AFP・宅建士として法人を設立・運営してきた私が断言します。2024年の法改正で株式会社の定款認証手数料は最大5万円から3万円へ引き下げられました。ところが「なぜ下がったのか」「結局いくら得するのか」を正確に把握している起業家は驚くほど少ないです。この記事では改正の背景から2026年時点の実額比較まで、数字で丁寧に解説します。
定款認証手数料3万円への引き下げ|結論から先に伝えます
一言で言うと「資本金100万円未満の会社なら手数料が4万円安くなった」
定款認証手数料は、2024年2月に施行された公証人手数料令の改正により、資本金(または出資金の額)に応じた3段階の料金体系に変わりました。資本金100万円未満の株式会社であれば、旧来の5万円から3万円へ引き下げられています。

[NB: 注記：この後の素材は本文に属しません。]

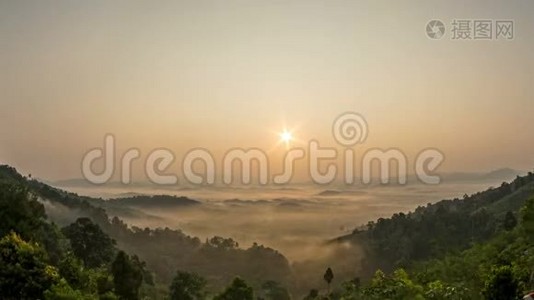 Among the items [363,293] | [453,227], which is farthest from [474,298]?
[453,227]

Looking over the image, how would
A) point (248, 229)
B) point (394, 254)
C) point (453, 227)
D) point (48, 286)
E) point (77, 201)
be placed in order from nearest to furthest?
point (48, 286) → point (453, 227) → point (394, 254) → point (77, 201) → point (248, 229)

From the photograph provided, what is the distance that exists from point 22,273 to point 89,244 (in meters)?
23.8

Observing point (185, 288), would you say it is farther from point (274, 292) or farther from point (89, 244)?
point (274, 292)

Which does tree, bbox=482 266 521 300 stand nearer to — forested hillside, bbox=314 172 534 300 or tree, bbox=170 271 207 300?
forested hillside, bbox=314 172 534 300

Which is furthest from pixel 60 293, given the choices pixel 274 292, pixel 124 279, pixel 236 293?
pixel 274 292

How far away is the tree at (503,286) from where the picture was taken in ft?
76.8

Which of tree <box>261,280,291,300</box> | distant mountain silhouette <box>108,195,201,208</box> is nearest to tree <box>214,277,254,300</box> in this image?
tree <box>261,280,291,300</box>

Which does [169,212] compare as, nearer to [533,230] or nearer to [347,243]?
[347,243]

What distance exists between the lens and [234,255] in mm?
125562

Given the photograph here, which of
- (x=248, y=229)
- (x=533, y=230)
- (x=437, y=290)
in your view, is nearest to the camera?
(x=437, y=290)

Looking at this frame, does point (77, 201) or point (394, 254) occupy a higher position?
point (77, 201)

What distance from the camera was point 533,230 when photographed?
3597 cm

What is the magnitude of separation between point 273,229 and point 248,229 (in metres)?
5.60

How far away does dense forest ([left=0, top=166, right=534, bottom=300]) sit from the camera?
1080 inches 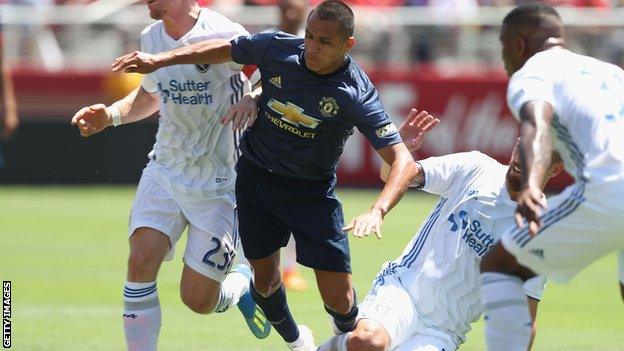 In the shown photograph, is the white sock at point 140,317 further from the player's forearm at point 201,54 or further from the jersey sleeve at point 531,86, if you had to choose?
the jersey sleeve at point 531,86

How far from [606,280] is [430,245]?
22.0 feet

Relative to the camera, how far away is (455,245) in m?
7.85

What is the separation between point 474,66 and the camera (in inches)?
942

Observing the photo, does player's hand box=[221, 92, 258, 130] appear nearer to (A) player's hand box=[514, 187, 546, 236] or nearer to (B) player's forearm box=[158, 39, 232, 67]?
(B) player's forearm box=[158, 39, 232, 67]

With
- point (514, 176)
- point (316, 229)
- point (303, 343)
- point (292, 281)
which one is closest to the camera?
point (514, 176)

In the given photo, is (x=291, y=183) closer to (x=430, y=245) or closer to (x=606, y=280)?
(x=430, y=245)

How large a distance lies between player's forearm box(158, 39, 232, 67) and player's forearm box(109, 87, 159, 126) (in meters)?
0.90

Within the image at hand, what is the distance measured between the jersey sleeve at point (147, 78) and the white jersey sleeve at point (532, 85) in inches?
131

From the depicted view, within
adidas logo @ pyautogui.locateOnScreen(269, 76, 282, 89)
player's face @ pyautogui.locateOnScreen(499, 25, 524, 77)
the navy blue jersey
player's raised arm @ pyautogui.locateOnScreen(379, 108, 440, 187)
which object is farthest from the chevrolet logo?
player's face @ pyautogui.locateOnScreen(499, 25, 524, 77)

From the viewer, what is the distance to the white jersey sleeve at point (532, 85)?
616cm

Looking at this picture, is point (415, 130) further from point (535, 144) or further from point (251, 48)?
point (535, 144)

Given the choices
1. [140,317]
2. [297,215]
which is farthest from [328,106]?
[140,317]

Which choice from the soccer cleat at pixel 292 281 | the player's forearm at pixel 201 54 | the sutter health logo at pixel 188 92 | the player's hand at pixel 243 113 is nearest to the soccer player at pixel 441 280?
the player's hand at pixel 243 113

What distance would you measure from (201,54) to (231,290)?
78.5 inches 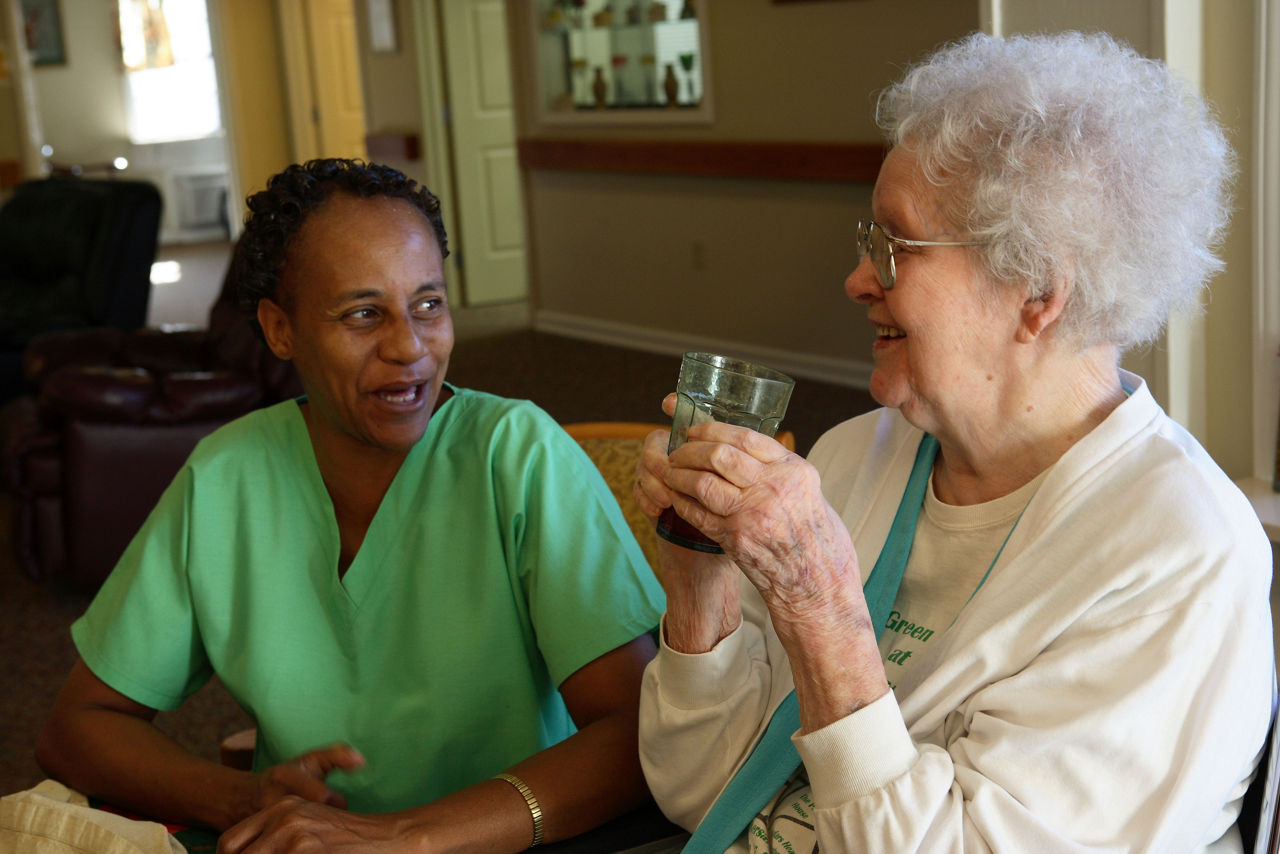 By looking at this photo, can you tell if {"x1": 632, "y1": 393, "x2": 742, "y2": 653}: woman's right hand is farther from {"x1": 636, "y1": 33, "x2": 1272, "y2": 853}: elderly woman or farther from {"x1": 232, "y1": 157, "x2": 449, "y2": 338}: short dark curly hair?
{"x1": 232, "y1": 157, "x2": 449, "y2": 338}: short dark curly hair

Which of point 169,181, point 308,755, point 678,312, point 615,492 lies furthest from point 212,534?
point 169,181

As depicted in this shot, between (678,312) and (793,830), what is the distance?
5.43m

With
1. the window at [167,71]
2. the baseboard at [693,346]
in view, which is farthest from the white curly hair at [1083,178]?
the window at [167,71]

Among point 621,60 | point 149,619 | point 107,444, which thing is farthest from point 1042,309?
point 621,60

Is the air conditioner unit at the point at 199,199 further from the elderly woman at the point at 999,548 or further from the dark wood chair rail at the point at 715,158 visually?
the elderly woman at the point at 999,548

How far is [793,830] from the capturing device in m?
1.19

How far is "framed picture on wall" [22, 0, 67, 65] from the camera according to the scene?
38.2 feet

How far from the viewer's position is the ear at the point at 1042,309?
1136mm

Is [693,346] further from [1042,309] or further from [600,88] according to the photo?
[1042,309]

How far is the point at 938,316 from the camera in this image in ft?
3.83

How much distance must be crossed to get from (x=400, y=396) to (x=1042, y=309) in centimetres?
74

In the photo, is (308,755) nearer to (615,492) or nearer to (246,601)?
(246,601)

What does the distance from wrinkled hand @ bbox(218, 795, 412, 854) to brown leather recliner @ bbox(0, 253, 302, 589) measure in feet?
8.56

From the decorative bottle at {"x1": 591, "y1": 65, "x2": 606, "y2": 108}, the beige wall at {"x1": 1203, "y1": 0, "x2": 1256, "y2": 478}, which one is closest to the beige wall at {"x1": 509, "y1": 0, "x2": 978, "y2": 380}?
the decorative bottle at {"x1": 591, "y1": 65, "x2": 606, "y2": 108} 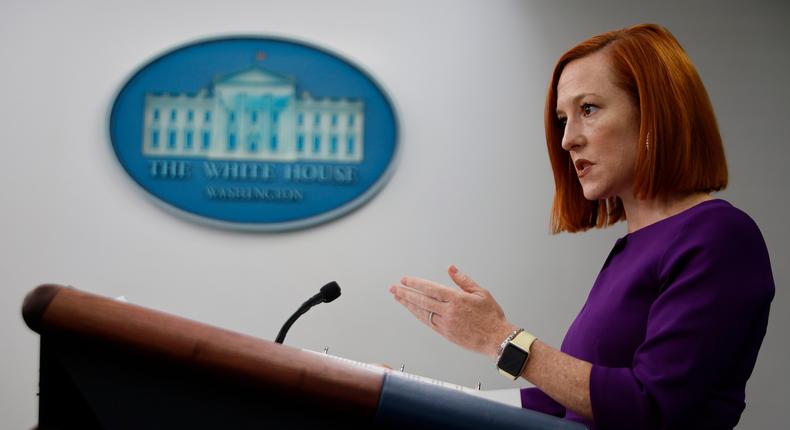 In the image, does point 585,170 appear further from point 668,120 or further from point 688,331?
point 688,331

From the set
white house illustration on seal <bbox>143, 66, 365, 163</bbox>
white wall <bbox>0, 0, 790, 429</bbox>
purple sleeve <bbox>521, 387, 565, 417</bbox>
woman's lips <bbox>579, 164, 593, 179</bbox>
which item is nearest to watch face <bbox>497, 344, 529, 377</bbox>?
purple sleeve <bbox>521, 387, 565, 417</bbox>

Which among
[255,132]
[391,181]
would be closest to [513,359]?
[391,181]

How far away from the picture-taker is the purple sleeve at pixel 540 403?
132cm

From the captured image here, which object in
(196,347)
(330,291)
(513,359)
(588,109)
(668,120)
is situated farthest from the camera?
(330,291)

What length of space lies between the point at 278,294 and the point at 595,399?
4.99ft

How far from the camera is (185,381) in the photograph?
68 cm

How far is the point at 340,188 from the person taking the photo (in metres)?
2.40

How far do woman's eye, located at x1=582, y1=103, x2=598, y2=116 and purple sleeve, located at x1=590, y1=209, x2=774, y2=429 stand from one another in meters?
0.35

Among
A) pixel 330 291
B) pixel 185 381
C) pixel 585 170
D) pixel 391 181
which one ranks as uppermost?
pixel 585 170

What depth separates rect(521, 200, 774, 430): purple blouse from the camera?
95 cm

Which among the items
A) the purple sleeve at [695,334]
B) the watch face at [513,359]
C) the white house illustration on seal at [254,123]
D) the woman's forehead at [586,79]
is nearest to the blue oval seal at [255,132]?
the white house illustration on seal at [254,123]

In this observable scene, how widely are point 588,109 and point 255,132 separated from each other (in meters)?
1.42

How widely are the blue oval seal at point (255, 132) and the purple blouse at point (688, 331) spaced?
1375 millimetres

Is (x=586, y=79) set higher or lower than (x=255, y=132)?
higher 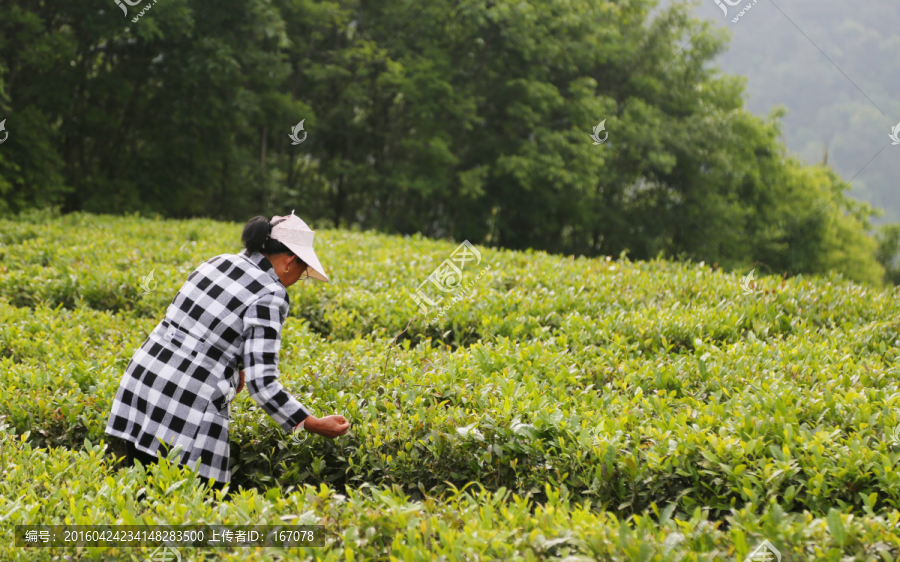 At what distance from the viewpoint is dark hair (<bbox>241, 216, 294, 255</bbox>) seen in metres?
3.13

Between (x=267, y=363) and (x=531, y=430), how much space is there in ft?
4.26

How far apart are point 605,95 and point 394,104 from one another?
8.48 metres

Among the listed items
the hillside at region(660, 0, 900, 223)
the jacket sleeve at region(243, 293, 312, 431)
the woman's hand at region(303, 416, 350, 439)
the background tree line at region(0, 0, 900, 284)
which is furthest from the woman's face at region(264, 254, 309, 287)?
the hillside at region(660, 0, 900, 223)

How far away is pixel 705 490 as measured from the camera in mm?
2721

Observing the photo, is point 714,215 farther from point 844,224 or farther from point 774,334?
point 774,334

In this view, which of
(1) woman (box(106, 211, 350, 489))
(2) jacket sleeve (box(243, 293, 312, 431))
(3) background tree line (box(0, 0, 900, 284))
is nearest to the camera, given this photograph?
(2) jacket sleeve (box(243, 293, 312, 431))

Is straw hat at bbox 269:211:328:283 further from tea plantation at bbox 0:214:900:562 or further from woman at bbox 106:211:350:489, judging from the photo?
tea plantation at bbox 0:214:900:562

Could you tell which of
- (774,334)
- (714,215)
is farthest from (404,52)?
(774,334)

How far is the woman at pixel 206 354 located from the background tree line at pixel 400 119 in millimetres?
12969

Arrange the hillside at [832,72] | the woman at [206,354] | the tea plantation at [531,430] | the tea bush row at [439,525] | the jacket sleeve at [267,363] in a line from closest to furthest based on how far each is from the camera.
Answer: the tea bush row at [439,525] < the tea plantation at [531,430] < the jacket sleeve at [267,363] < the woman at [206,354] < the hillside at [832,72]

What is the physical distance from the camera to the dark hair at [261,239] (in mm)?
3133

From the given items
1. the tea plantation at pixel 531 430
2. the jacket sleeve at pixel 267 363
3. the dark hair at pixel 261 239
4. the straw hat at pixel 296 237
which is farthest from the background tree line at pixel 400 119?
the jacket sleeve at pixel 267 363

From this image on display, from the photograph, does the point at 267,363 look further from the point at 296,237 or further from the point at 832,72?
the point at 832,72

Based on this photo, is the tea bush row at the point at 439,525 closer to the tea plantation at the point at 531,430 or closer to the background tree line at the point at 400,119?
the tea plantation at the point at 531,430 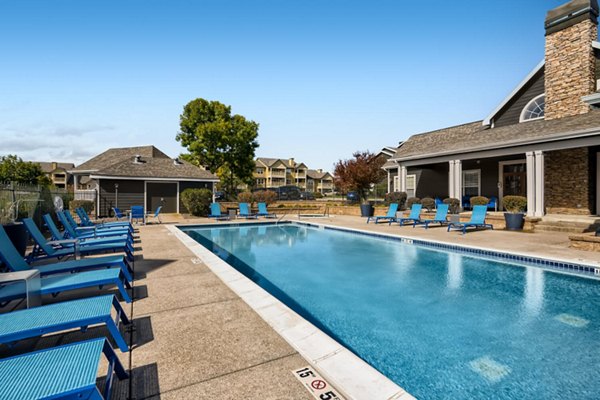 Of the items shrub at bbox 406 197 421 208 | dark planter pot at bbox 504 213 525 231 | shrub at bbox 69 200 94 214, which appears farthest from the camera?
shrub at bbox 69 200 94 214

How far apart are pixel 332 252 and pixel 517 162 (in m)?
13.7

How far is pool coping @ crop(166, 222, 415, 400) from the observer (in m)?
2.38

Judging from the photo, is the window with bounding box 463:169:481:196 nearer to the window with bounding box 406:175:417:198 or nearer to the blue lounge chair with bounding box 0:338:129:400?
the window with bounding box 406:175:417:198

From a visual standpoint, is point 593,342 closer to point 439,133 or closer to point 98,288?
point 98,288

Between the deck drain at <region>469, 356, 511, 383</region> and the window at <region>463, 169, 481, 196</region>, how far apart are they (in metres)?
18.3

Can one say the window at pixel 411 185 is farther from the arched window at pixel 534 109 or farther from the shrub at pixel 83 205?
the shrub at pixel 83 205

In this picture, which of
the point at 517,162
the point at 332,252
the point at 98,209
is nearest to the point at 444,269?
the point at 332,252

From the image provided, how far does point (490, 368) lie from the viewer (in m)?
Answer: 3.58

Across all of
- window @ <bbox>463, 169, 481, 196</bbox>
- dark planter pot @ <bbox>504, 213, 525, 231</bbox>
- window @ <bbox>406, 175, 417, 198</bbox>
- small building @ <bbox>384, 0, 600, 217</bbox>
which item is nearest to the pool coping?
dark planter pot @ <bbox>504, 213, 525, 231</bbox>

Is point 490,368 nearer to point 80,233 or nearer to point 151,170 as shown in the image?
point 80,233

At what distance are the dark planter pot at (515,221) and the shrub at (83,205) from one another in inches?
912

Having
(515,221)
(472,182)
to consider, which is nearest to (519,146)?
(515,221)

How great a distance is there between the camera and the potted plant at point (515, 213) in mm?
12773

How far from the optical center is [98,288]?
502 cm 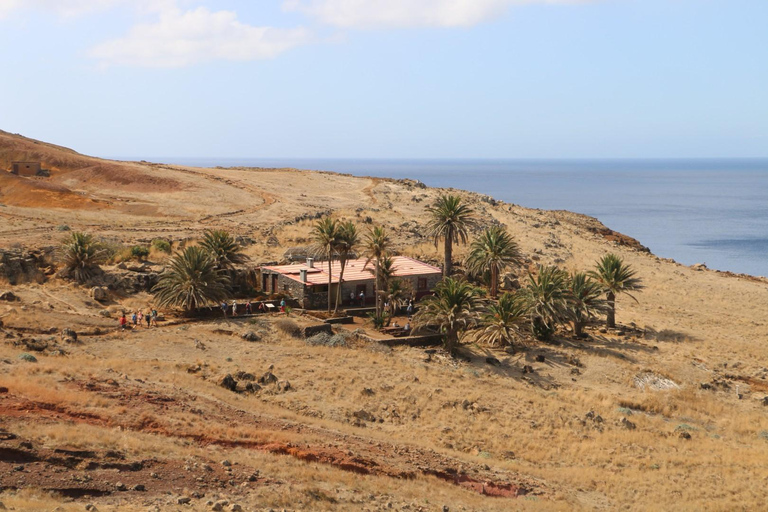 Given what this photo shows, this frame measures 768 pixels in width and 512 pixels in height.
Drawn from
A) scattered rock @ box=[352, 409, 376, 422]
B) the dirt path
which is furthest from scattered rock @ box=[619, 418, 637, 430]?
scattered rock @ box=[352, 409, 376, 422]

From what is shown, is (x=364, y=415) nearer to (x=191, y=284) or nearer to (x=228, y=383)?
(x=228, y=383)

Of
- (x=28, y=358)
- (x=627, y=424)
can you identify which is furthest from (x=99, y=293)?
(x=627, y=424)

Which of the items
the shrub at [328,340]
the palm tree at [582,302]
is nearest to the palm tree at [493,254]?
the palm tree at [582,302]

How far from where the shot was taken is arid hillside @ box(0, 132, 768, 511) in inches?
664

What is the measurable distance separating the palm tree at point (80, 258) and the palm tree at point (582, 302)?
31140 mm

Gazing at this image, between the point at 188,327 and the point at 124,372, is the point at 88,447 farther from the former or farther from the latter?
the point at 188,327

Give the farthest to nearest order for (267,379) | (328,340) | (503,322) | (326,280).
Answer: (326,280), (503,322), (328,340), (267,379)

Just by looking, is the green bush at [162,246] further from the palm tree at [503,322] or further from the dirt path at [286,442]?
the dirt path at [286,442]

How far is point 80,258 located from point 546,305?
29.8 meters

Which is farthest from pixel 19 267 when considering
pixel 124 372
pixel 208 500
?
pixel 208 500

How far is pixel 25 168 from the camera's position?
84125mm

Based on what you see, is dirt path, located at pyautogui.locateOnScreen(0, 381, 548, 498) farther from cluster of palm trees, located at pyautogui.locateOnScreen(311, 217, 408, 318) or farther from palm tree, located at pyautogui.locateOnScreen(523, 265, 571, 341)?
palm tree, located at pyautogui.locateOnScreen(523, 265, 571, 341)

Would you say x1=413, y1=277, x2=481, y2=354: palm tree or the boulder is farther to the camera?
the boulder

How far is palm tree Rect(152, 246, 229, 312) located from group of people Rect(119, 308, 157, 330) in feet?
3.82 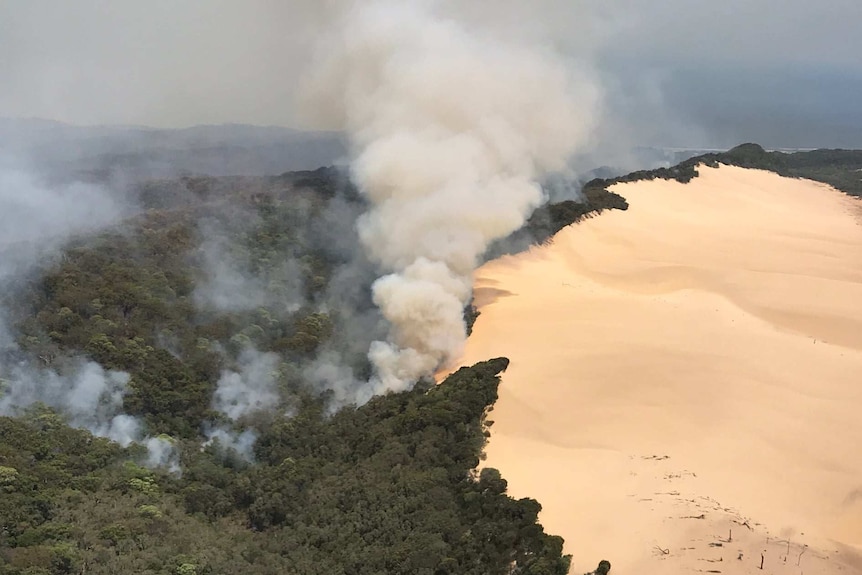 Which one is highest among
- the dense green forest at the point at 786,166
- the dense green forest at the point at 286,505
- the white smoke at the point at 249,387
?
the dense green forest at the point at 786,166

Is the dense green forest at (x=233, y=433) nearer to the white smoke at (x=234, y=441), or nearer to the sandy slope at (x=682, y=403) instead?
the white smoke at (x=234, y=441)

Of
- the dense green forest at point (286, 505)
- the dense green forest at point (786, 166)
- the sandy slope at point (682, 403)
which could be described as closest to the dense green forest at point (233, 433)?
the dense green forest at point (286, 505)

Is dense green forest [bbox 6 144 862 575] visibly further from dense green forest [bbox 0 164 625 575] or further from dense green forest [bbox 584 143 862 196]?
dense green forest [bbox 584 143 862 196]

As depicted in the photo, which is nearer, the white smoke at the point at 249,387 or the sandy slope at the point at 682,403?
the sandy slope at the point at 682,403

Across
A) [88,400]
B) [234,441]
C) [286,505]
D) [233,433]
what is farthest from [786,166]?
[88,400]

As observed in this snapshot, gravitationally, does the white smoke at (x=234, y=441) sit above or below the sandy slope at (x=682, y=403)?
below

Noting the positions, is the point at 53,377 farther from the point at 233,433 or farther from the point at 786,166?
the point at 786,166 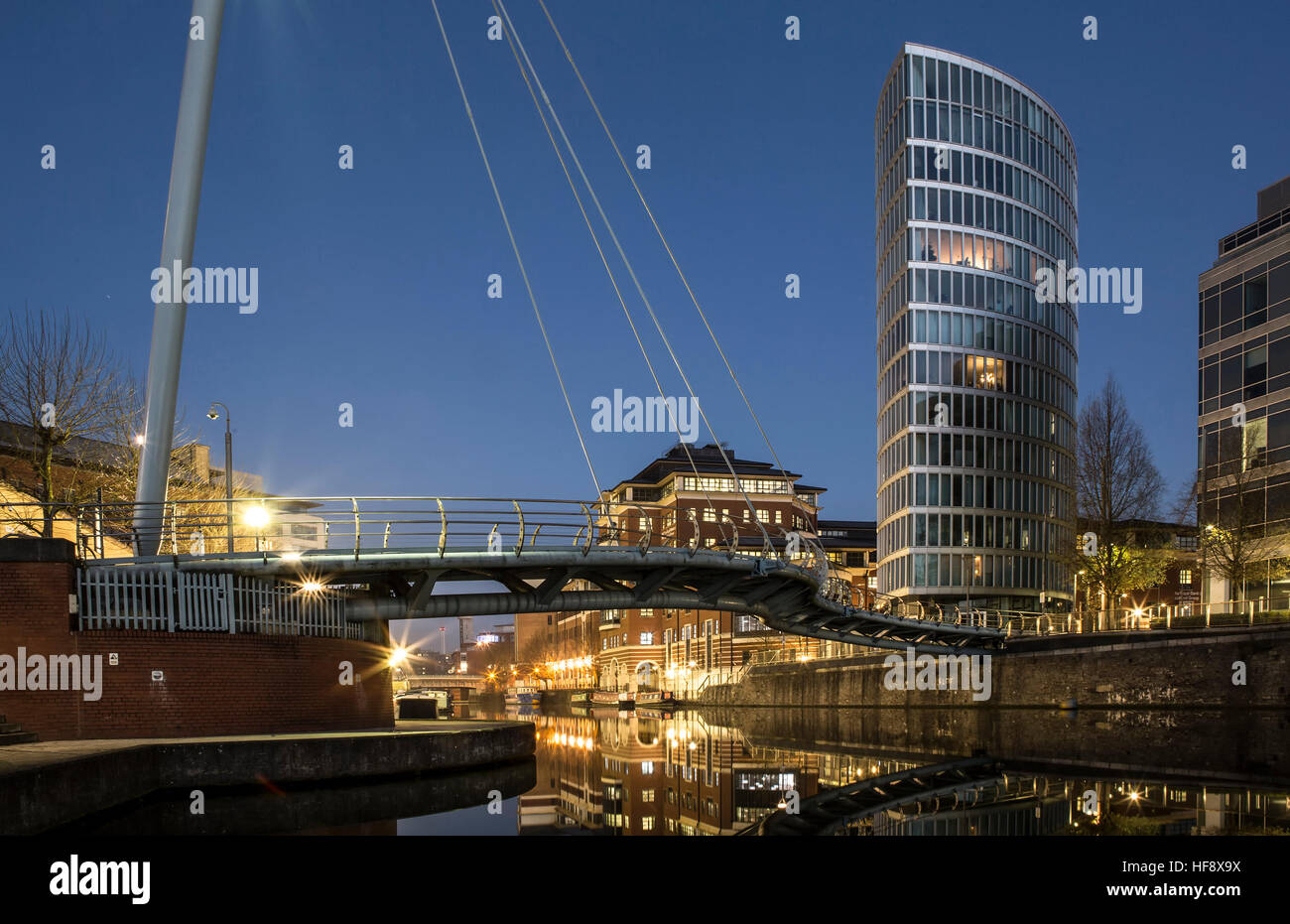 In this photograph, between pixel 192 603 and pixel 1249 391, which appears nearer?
pixel 192 603

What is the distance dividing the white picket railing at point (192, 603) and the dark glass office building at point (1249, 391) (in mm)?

これは起業コストの削減を促し、スタートアップ支援を強化するという政府方針の一環です。少ない資本で始める一人会社・マイクロ法人にとって、2万円の削減は設立費用全体の約10〜15%に相当する無視できないインパクトです。
なぜその結論になるのか(根拠3つ)
- 根拠①:公証人手数料令の改正(2024年2月施行):資本金の額を基準に手数料が3段階(3万円・4万円・5万円)に細分化されました。従来は一律5万円だったため、小規模会社ほど恩恵が大きいです。
- 根拠②:スタートアップ育成5カ年計画との連動:政府が2022年に打ち出した「スタートアップ育成5カ年計画」に基づき、設立コストの引き下げが段階的に実施されています。定款認証手数料の見直しはその具体策の一つです。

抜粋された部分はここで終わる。